In the official photograph of David Davis and Michel Barnier taken prior to the second round of Brexit talks, a pile of documents sits in front of the EU negotiating team, while the British side of the table is empty.

For those determined to undermine the Government, it symbolised our apparent lack of preparation for what lay ahead. A narrative was created which subsequent explanations that the British had yet to open their briefcases were unable to change.

However, two months on, that same picture can be read entirely differently.

Since then, the Government has published a series of position papers on issues including our future customs relationship with Europe, potential new arrangements to avoid a hard border in Ireland and alternatives to the European Court of Justice.

In each case, novel solutions have been suggested to the unique issues thrown up by our withdrawal from the EU.

On customs, for example, alongside an expansion of the existing use of technology and trusted trader schemes to keep border checks to an absolute minimum, the Government is proposing the creation of an entirely new customs partnership with the EU. It is untested and raises many questions but, if implemented, such an arrangement would allow trade to flow in both directions in much the same way it does now.

On Ireland, too, ministers have looked for creative answers to the problem of managing the UK’s only land border with the EU. A continuation of the long standing Common Travel Area would remove the need for passports to be shown by the 30,000 people who cross the border each day, while an exemption for small and medium sized businesses from any kind of customs controls would cover 80 per cent of cross border trade. Once again, there are problems to overcome but none of them are unsolvable if both sides approach the negotiations positively.

Brussels’ reaction to the position papers has been predictable but nevertheless disappointing. European Parliament Brexit co-ordinator Guy Verhofstadt proved once again what a pervasive influence he is on the whole process by immediately taking to Twitter to describe the customs ideas as “a fantasy”.

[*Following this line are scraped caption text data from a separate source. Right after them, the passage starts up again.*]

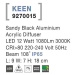 NOVA LUCE venkovní nástěnné svítidlo KEEN černý hliník akrylový difuzor LED 12W 3000K 220-240V 1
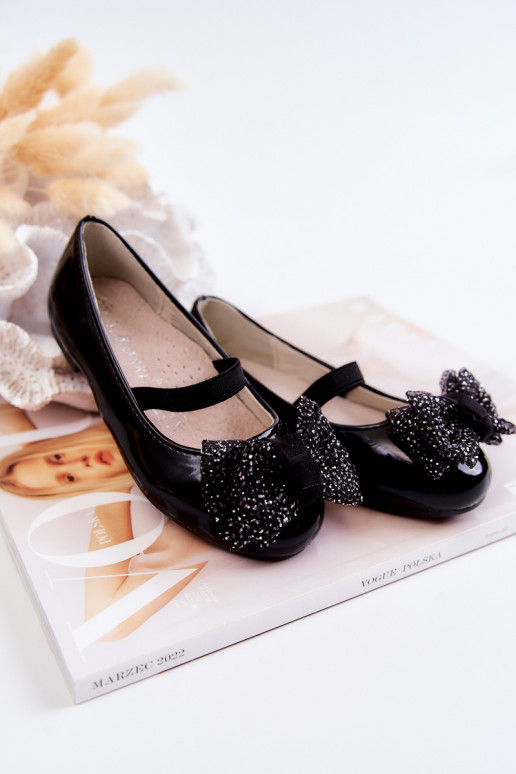 Bateliai su kaspinais juodos spalvos...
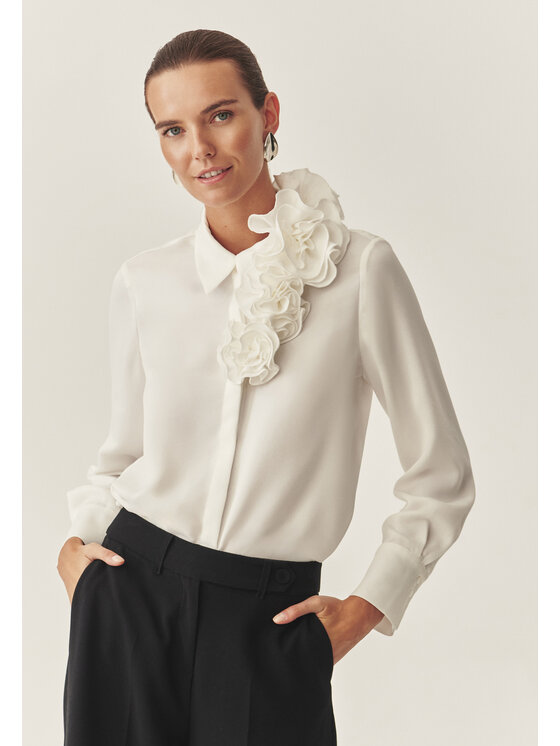 TATUUM Tatuum Koszula CRISTAL Écru Classic Fit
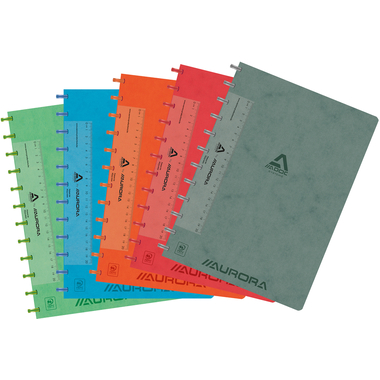 ADOC Cartella ad anelli LIN-EX A4 6845.742 ass., a scacchi 144 pagine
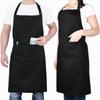 Oil Resistant Pocket Apron Multi-functional Unisex Work Clothes Household Waterproof Apron  Kitchen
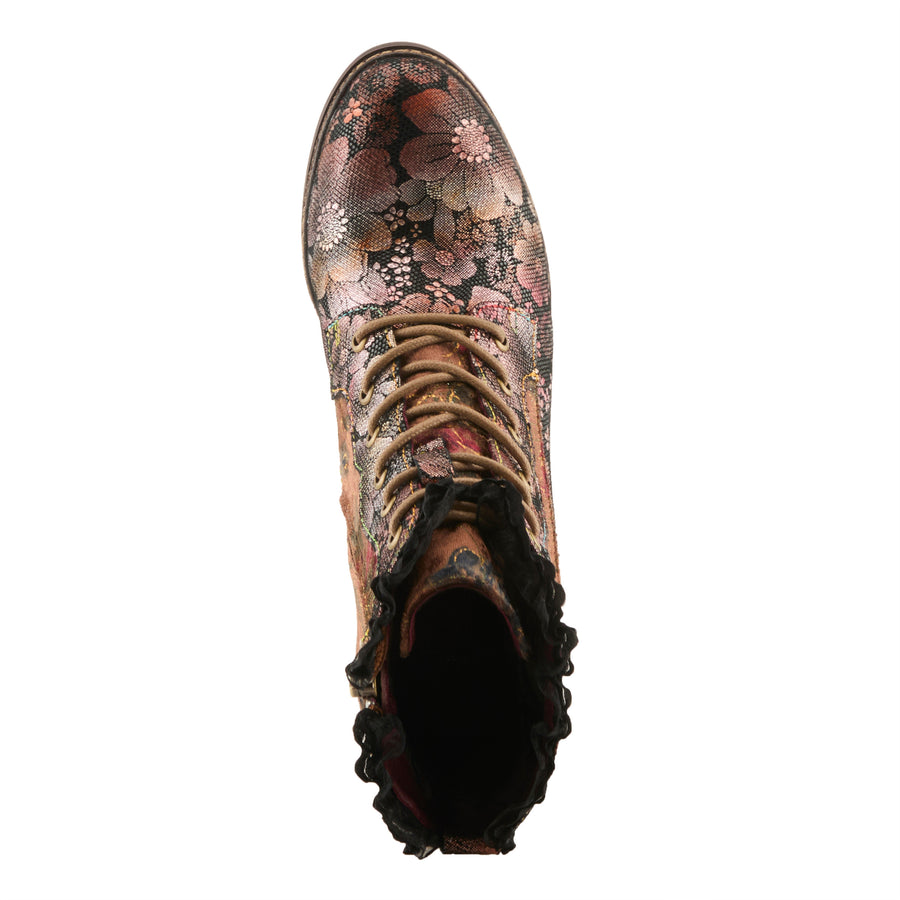 L'Artiste Forutaluvlo Boots in Brown Multi Top View - Robin Boutique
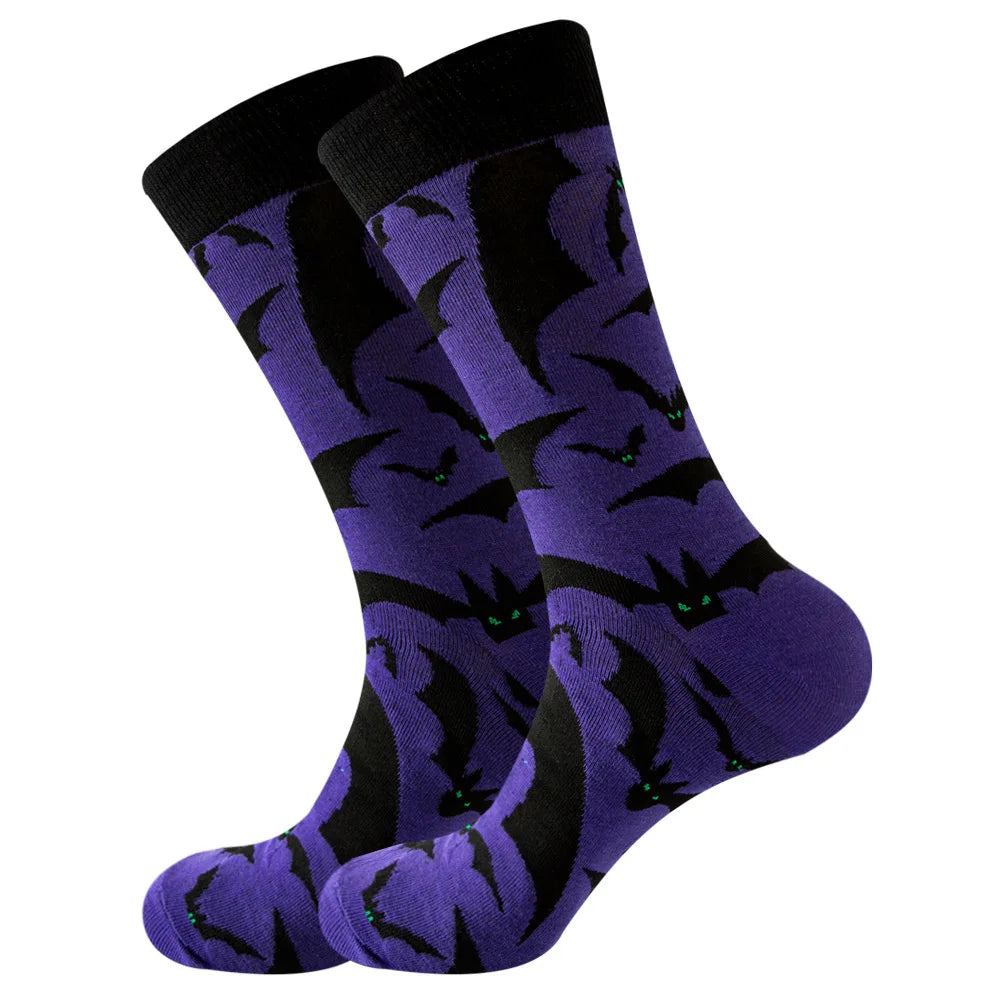 Novelty Patterned Crew Socks – Unisex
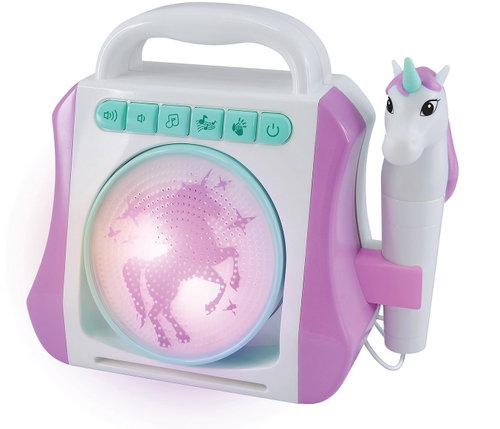 Wiky Karaoke box with unicorn microphone 21 × 9 × 19 cm - Musical Toy - Main image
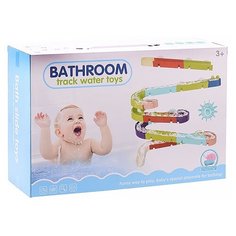 Игрушка для ванны Oubaoloon "Веселое купание", с горкой и игрушками, в коробке (638)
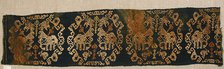 Textile Fragment, Byzantine, 7th-9th century. Creator: Unknown.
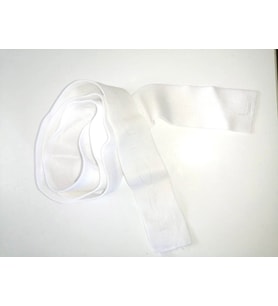 Lastik beyaz desenli  3,5Cm  5Mt Şort,Paça,kol Ve Don Lastiğidir 1 Paket 5Mt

He secured the headlines he craves but offered no constructive ideas of his own to protect the thousands businesses and millions of workers in the EU27 who rely on continued trade with Britain and who he is supposed to represent.

Verhofstadt is fond of overstating his role in the Brexit process, often aided and abetted by the British media which insists on wrongly referring to him as the European Parliament’s Brexit negotiator. But no-one with real influence would conduct talks via social media in such inflammatory terms.

The European Commission was equally negative, if more measured, tweeting simply: “Frictionless trade not possible outside Single Market & Customs Union”.

Which brings me back to that photograph.

Those documents in front of EU Chief Negotiator Barnier and his team spelled out the narrow mandate they have been handed by the European Council and from which they cannot depart. It is the negotiating equivalent of painting by numbers, in which Barnier is simply instructed to fill in the gaps. Even the colours he must use are specified in advance.

This approach might work if the subject matter was familiar and there were previous paintings to copy. But even Barnier admits that the Irish border solution cannot be based on precedent.

In contrast, the only constraint on the UK team is the size of the canvas on which they have to work. We are leaving the Single Market and the Customs Union but beyond that our negotiators can innovate and compromise. It is the final picture that matters, not the colours, materials or techniques used to create it.

Without similar free-thinking and flexibility from the EU, I worry that we may not secure a deal that best serves both sides. Michel Barnier is an able negotiator, but he urgently needs a larger paint box.